1. The economic system contains innumerable variables--quantities of
"goods" (physical wealth, property rights, and services), the prives of
these goods, and their values (the quantities multiplied by the
prices). Changes in any or all of this vast array of variables may be
due to many causes. Only in imagination can all of these variables
remain constant and be kept in equilibrium by the balanced forces of
human desires, as manifested through "supply and demand."

---

So this was Fisher's very first postulate. Equilibrium itself is an
imaginary concept; and this includes the law of supply and demand
itself, because the law of supply and demand is merely a special case
of equilibrium.

Moving on to more from Fisher:

---

4. [...] In other words, while a cycle, conceived as a /fact/, or
historical event, is non-existent,
there are always innumerable cycles,
long and short, big and little, conceived as /tendencies/ (as well as
numerous non-cyclical tendencies), any historical event being the
resultant of all the tendencies then at work.
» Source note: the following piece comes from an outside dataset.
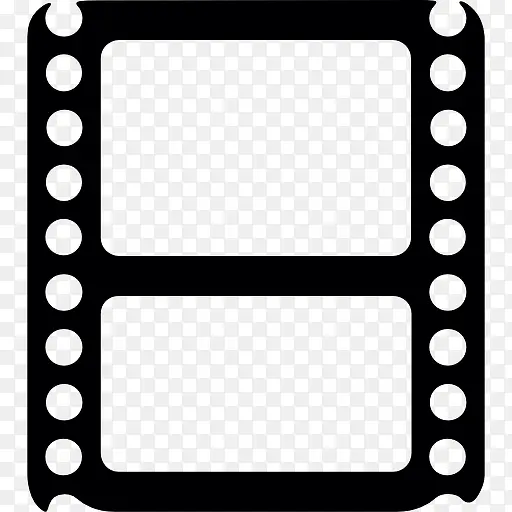 ��Ӱ��ͼ��-������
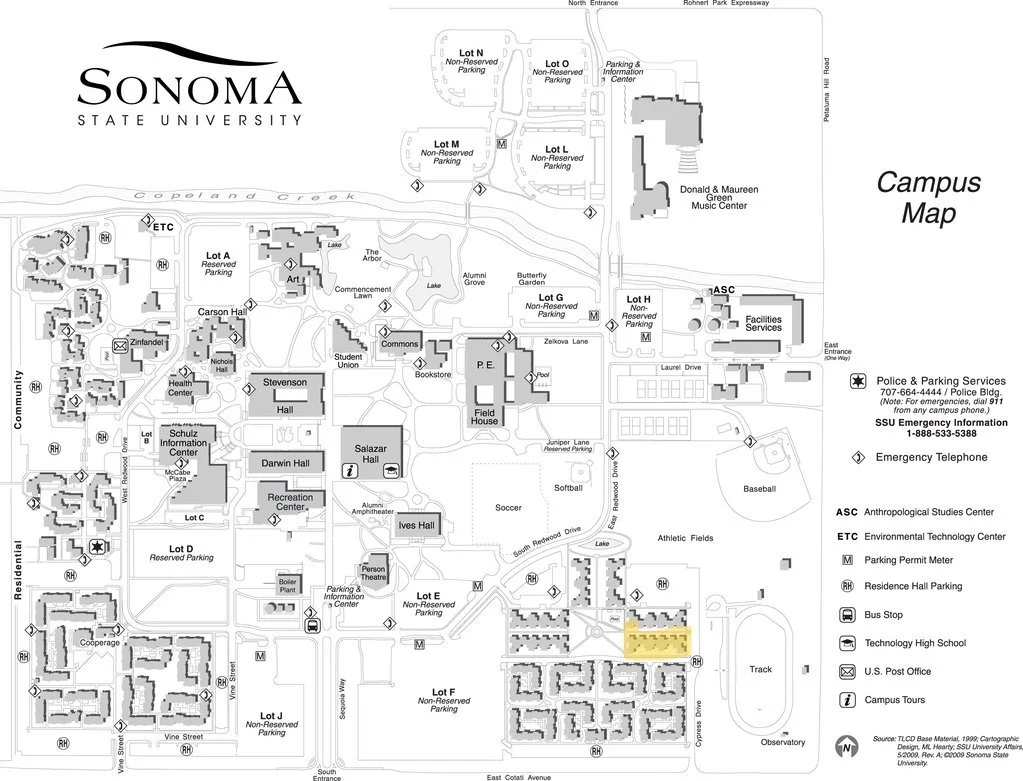 SSU Map.jpg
Any one cycle, however
perfect and like a sine curve it may tend to be, is sure to be
interfered with by other tendencies.

[...]

8. There may be equilibrium which, though stable, is so delicately
poised that, after departure from it beyond certain limits, instability
ensues, just as, at first, a stick may bend under strain, ready all the
time to bend back, until a certain point is reached, when it breaks.
This simile probably applies when a debtor gets "broke", or when the
breaking of many debtors constitutes a "crash", after which there is no
coming back to the original equilibrium./

---

Generalizing a bit, we need not limit ourselves to discussion of policy

manipulations happening too fast. /News/ -- meaning any and all
economic news -- happens too fast to allow an equilibrium to establish.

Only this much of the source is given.